Introduction to MongoDB and Python
MongoDB is a leading open-source N0SQL database that is written in C++. This tutorial will give the reader a better understanding of MongoDB concepts needed in integrating MongoDB in your Python applications.
The SQL vs. NoSQL Difference
SQL databases use Structured Query Language(SQL) in defining and manipulating data. When using SQL, we need a Relational Database Management System(RDBMS) server such as SQL Server, MySQL server or MS Access. Data in RDBMS is stored in database objects called tables. A table is a collection of related data entries, and it consists of columns and rows.

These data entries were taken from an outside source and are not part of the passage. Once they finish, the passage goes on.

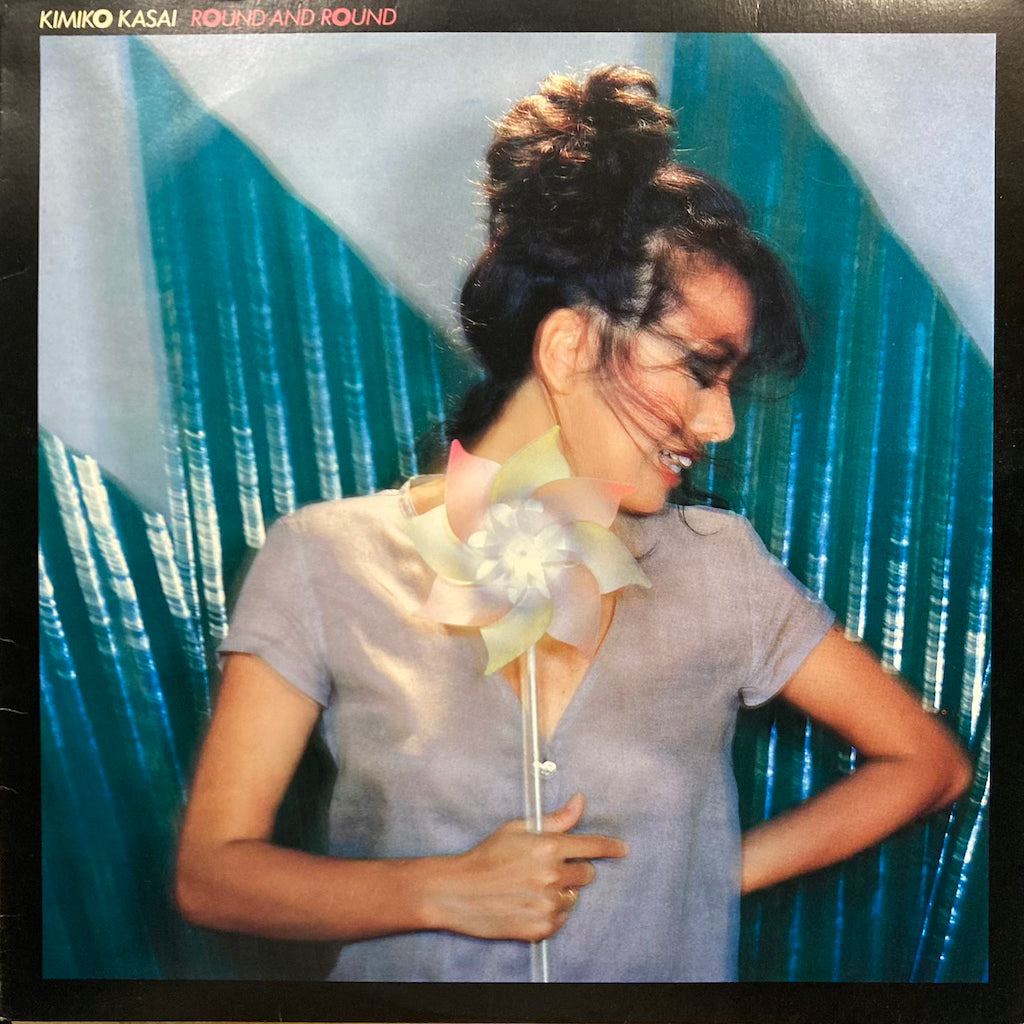 Kimiko Kasai - Round And Round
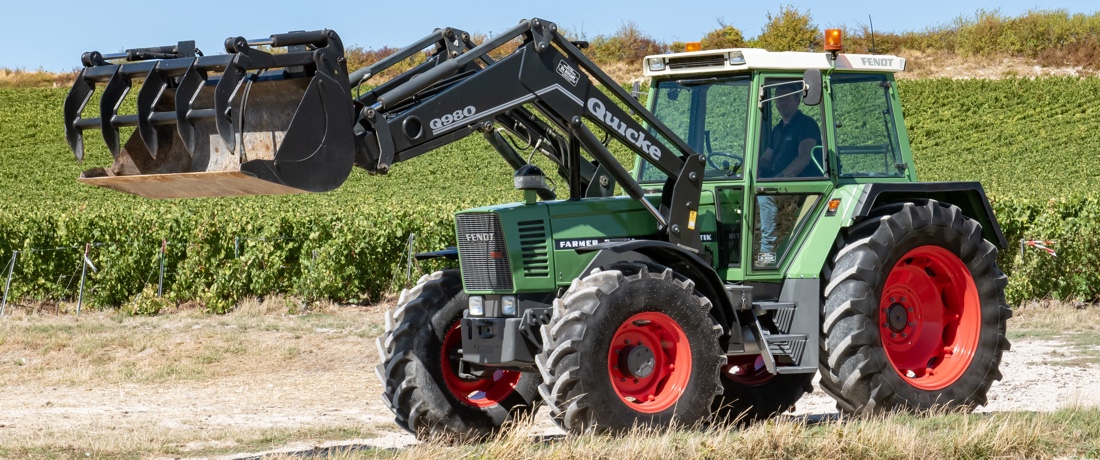 Fendt Farmer 311 LSA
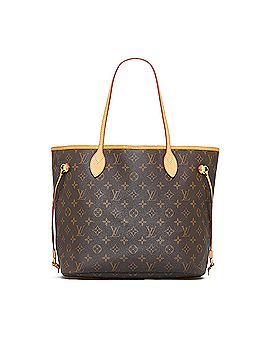 Louis Vuitton Monogram Neverfull MM (view 1)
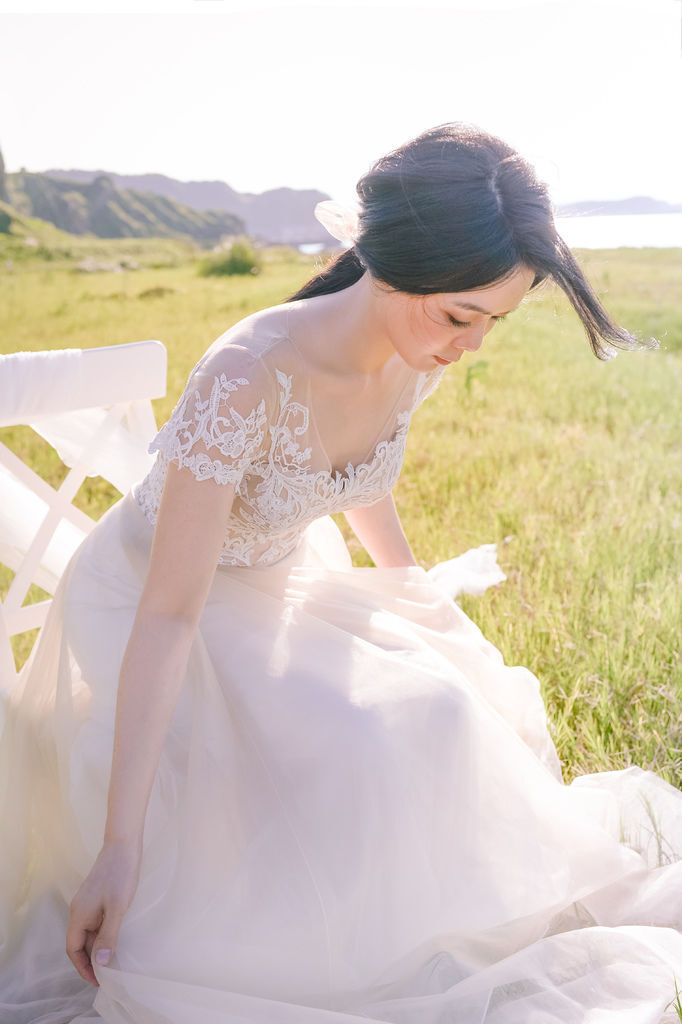 琪琪小姐 美式婚紗 海外婚紗 琪琪小姐 美式婚紗 海外婚紗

A NoSQL database has a dynamic schema for unstructured data. In NoSQL, data is stored in several ways: it can be column-oriented, document-oriented, graph-based or organized as a key-value store. A NoSQL database has the following advantages:
- Documents can be created without having to first define their structure
- Each document can have its own unique structure
- The syntax can vary from database to database
- Large volumes of structured, semi-structured, and unstructured data
- Object-oriented programming that is easy to use and flexible
- It is horizontally scalable
NoSQL Database Types
The following are the different types of NoSQL databases:
-
Document databases pair each key with a complex data structure known as a document. A document is a set of key-value pairs. MongoDB is an example of a document store database. A group of MongoDB documents is known as a collection. This is the equivalent of an RDBMS table.
-
Graph stores are used to store information about networks of data, for instance, social connections. Graph stores include Neo4J and Giraph.
-
Key-value stores databases store every single item in the database as a key together with its value. Examples of key-value stores are Riak and Berkeley DB. Some key-value stores, such as Redis, allow each value to have a type, such as an integer, which adds functionality.
-
Wide-column stores such as Cassandra and HBase are optimized for queries over large datasets, and store columns of data together, instead of rows.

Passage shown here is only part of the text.